### The task
Examine the entries below, count the lines holding the string "RARE", and respond with the number only.

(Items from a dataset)
::::

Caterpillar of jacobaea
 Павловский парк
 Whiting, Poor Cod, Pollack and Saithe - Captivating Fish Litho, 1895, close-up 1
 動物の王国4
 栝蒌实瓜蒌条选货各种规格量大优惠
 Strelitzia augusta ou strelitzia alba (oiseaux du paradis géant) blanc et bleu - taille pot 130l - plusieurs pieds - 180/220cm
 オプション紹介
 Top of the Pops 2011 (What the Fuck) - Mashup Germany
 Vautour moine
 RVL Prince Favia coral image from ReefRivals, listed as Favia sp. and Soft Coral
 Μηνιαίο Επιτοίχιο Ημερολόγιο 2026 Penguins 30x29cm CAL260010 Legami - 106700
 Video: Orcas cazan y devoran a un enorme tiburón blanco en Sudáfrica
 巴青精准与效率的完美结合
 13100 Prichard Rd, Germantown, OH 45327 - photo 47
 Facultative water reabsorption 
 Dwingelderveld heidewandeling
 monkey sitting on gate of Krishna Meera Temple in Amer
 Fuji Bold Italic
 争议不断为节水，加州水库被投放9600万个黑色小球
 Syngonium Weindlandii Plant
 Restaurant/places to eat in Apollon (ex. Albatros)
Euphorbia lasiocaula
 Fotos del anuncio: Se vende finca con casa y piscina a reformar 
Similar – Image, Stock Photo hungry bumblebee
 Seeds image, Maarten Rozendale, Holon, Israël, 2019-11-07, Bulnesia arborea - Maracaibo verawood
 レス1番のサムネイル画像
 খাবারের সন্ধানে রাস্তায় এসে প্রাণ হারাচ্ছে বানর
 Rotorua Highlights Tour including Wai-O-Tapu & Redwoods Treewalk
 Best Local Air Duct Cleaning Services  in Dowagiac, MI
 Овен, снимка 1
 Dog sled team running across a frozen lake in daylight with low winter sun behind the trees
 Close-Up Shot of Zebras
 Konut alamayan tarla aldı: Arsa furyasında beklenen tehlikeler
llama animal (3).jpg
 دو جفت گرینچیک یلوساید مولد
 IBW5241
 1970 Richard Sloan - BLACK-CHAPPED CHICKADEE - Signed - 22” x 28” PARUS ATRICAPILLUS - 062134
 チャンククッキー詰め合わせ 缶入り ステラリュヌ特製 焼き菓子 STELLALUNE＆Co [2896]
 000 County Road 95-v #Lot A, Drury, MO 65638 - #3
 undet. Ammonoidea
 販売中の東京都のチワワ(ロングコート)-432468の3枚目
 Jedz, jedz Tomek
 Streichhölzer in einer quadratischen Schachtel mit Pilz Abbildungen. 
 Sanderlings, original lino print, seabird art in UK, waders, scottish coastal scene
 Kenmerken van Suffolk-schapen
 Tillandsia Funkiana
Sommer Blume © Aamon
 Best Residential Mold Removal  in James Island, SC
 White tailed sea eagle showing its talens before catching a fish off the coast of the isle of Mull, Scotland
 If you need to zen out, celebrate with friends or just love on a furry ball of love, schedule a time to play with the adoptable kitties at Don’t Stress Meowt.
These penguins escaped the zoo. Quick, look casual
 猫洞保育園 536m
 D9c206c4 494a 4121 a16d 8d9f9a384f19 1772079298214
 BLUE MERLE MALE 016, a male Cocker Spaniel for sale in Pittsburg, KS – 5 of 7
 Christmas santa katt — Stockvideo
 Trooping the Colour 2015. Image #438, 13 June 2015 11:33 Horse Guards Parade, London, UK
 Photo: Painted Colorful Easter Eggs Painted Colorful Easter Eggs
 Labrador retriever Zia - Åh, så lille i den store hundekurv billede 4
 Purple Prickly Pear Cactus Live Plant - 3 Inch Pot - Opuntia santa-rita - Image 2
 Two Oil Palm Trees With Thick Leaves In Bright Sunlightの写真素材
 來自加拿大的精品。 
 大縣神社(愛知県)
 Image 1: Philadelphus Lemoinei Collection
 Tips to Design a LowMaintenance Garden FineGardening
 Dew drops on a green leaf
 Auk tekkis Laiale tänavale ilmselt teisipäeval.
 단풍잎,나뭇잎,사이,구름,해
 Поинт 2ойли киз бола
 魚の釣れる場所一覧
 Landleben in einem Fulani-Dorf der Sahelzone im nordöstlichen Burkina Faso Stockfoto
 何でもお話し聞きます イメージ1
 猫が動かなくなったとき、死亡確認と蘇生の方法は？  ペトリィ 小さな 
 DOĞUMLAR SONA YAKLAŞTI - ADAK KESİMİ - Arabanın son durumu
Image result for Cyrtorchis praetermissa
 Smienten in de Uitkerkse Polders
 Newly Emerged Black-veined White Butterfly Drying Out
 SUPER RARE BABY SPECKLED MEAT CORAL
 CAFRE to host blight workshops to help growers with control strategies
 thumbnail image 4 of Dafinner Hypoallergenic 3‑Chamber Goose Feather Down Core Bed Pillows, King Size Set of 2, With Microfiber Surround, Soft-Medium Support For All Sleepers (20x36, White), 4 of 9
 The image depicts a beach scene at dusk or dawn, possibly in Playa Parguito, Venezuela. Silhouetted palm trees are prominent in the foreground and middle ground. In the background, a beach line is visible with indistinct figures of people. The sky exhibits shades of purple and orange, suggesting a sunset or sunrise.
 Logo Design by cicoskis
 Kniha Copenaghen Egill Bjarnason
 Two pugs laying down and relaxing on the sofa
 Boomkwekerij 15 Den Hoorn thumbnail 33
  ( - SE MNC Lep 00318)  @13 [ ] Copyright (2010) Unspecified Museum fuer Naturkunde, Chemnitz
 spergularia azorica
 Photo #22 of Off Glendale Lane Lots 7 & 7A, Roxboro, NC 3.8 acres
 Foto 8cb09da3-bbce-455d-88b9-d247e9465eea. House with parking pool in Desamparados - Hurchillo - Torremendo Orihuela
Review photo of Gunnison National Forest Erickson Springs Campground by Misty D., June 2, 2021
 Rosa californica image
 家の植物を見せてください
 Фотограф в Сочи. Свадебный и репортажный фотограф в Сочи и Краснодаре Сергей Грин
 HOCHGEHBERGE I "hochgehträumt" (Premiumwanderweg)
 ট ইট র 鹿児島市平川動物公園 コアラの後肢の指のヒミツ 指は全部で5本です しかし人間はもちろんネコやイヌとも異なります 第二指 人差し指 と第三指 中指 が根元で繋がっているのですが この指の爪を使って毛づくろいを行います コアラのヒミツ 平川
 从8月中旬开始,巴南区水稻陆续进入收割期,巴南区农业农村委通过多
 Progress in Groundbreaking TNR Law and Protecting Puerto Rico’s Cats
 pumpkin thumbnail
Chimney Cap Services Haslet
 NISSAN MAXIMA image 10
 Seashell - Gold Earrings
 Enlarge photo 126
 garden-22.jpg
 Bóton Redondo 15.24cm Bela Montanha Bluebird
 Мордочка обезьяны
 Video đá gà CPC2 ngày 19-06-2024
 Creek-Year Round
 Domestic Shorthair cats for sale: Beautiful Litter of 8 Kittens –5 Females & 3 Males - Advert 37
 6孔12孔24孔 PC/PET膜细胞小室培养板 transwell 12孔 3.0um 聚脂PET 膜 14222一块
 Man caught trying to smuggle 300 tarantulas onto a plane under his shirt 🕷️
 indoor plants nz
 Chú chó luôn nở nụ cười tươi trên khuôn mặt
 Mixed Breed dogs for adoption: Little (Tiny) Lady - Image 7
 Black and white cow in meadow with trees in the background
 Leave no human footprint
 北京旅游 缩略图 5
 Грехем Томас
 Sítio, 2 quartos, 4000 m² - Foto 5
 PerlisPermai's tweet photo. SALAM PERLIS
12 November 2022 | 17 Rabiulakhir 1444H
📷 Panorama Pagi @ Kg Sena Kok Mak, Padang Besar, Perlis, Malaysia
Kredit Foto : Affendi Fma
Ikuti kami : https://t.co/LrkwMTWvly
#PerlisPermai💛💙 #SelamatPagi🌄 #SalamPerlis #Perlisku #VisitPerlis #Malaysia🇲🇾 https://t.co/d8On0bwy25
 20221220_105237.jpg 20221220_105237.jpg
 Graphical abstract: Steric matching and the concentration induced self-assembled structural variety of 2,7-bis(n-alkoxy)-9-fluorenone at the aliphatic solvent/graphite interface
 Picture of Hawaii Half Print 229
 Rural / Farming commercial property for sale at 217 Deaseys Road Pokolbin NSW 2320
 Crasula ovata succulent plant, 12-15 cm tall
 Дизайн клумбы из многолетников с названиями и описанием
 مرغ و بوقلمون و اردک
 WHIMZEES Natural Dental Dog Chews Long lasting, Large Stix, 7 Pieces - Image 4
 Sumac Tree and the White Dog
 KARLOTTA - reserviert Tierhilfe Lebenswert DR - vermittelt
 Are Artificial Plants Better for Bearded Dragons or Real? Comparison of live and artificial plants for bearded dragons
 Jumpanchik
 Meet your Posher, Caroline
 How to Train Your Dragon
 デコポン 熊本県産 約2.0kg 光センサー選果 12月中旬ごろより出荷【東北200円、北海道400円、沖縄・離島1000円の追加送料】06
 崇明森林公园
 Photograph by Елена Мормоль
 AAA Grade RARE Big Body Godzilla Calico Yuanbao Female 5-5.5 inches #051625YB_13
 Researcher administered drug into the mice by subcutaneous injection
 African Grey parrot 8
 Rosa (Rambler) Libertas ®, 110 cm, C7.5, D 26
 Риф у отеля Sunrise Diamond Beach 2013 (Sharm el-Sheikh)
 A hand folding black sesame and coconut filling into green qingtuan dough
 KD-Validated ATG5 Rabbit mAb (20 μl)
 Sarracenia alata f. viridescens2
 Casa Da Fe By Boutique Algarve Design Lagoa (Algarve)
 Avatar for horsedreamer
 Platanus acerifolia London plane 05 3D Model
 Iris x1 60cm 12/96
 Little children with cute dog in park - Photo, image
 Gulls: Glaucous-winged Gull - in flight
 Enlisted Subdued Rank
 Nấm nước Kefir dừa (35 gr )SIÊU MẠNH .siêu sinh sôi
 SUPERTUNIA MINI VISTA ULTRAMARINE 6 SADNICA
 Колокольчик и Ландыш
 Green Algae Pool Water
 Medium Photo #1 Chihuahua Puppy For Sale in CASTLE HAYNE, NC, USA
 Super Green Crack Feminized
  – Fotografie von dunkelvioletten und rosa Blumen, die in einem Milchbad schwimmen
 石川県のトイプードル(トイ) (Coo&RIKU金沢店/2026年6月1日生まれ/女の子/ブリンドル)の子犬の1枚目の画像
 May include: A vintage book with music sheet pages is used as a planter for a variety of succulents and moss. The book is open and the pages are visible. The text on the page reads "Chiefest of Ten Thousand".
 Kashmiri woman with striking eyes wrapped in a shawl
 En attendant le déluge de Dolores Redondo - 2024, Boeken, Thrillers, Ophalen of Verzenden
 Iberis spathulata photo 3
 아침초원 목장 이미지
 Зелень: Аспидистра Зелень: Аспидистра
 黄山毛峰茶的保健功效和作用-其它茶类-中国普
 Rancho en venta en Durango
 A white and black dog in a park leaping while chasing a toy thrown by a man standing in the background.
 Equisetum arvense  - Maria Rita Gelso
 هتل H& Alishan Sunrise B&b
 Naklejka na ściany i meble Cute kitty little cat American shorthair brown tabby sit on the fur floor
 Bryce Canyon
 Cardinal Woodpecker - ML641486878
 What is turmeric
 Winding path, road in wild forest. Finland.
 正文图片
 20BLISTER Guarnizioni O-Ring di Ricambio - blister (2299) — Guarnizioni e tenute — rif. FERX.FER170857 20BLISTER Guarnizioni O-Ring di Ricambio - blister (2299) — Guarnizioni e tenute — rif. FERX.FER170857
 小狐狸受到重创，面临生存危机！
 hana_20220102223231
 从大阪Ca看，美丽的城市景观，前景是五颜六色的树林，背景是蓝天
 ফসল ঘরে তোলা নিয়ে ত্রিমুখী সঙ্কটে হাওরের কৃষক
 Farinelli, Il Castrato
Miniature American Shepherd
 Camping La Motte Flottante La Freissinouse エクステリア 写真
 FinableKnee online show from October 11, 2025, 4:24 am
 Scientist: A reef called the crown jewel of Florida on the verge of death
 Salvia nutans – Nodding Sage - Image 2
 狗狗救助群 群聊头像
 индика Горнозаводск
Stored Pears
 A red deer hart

::::

### Exercise result
2